Instructions to follow – Report how many lines below include "Pink", giving the figure alone.
========================================================================
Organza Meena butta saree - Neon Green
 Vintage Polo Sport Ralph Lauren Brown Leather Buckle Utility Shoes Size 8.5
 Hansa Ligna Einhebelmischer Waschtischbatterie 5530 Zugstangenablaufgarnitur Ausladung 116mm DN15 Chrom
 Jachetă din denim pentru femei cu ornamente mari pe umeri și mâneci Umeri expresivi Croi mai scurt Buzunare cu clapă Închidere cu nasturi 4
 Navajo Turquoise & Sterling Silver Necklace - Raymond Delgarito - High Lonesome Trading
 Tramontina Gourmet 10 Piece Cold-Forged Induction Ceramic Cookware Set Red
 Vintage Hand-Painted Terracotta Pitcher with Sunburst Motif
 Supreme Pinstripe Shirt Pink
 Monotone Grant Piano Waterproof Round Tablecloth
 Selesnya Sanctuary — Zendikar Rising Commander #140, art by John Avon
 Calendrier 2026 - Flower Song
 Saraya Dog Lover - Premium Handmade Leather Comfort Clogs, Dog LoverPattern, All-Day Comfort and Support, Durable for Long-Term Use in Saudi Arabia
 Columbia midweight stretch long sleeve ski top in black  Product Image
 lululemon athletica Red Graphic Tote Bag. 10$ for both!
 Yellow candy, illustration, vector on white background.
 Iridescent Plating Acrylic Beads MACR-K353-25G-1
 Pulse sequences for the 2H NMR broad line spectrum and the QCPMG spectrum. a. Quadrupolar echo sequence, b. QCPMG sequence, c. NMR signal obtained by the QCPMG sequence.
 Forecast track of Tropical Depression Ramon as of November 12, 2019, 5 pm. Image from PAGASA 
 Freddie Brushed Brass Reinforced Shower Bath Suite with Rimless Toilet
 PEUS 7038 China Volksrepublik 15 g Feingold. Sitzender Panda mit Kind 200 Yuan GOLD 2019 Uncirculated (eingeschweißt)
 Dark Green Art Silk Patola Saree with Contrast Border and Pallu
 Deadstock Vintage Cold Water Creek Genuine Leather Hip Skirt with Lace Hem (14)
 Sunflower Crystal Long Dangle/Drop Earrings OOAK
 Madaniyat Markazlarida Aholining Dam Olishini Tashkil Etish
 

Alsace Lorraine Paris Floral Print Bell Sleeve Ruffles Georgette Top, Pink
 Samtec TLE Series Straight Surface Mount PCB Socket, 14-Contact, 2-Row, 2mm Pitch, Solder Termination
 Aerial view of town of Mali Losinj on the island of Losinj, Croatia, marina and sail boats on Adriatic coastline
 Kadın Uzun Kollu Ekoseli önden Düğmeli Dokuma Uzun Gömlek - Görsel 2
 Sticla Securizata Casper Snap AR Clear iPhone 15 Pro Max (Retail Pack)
========================================================================
Exercise response – 2